_Source material_
########################################
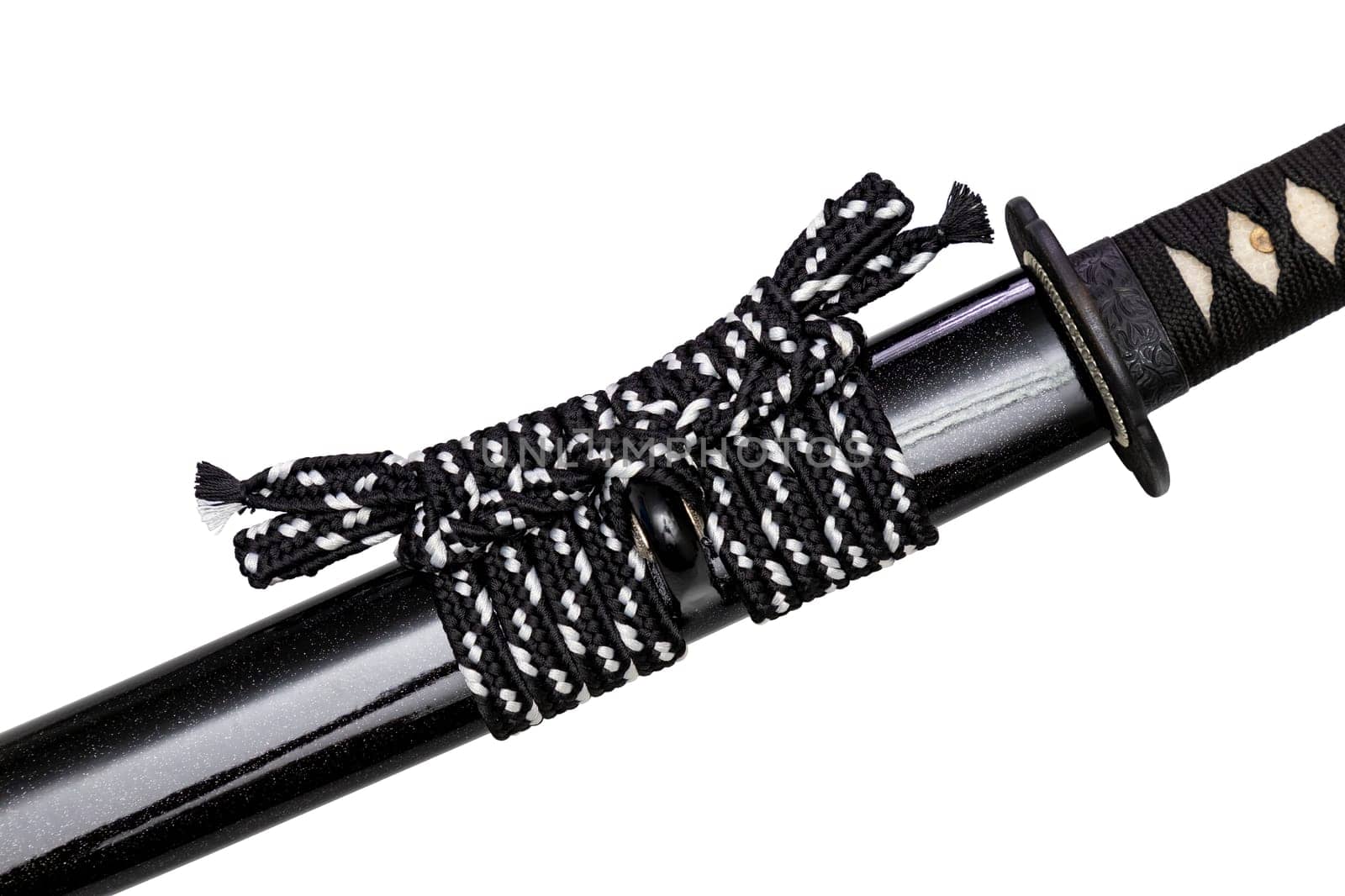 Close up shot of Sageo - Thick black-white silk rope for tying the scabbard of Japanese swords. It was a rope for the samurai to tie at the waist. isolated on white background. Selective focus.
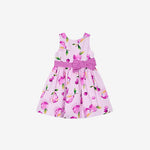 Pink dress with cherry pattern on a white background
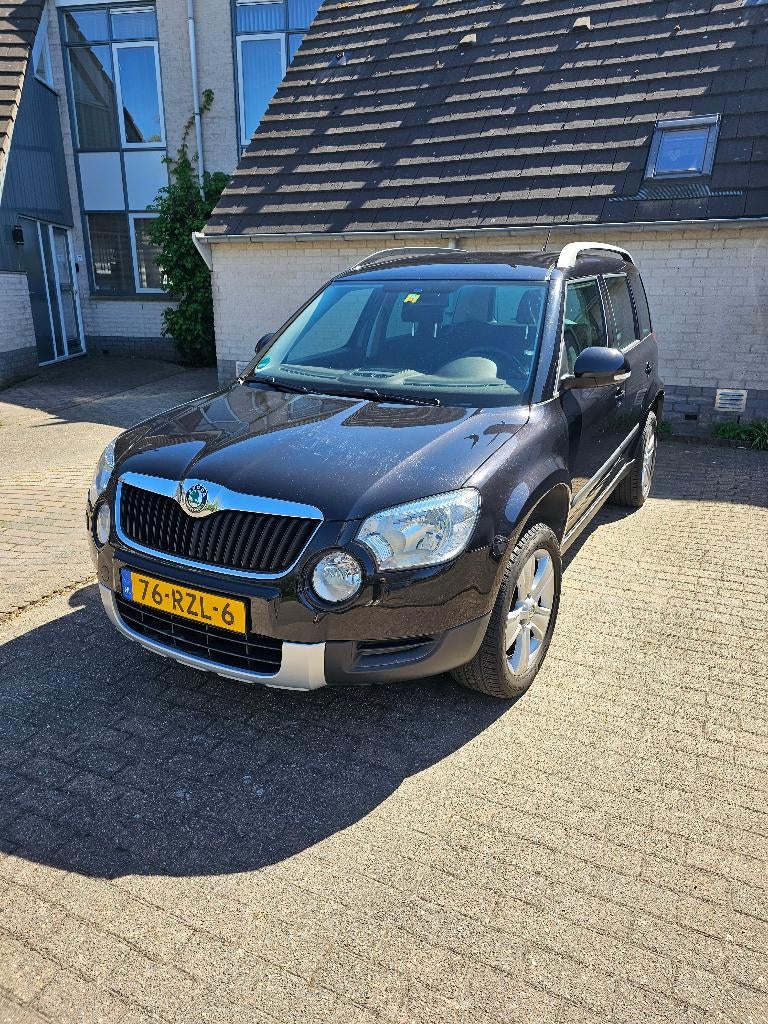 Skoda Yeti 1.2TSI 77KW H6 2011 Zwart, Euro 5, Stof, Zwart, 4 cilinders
########################################
_Task objective_
The full material above must be output verbatim, minus any pictures.

_Exercise solution_
 Close up shot of Sageo - Thick black-white silk rope for tying the scabbard of Japanese swords. It was a rope for the samurai to tie at the waist. isolated on white background. Selective focus.
 Pink dress with cherry pattern on a white background
 Skoda Yeti 1.2TSI 77KW H6 2011 Zwart, Euro 5, Stof, Zwart, 4 cilinders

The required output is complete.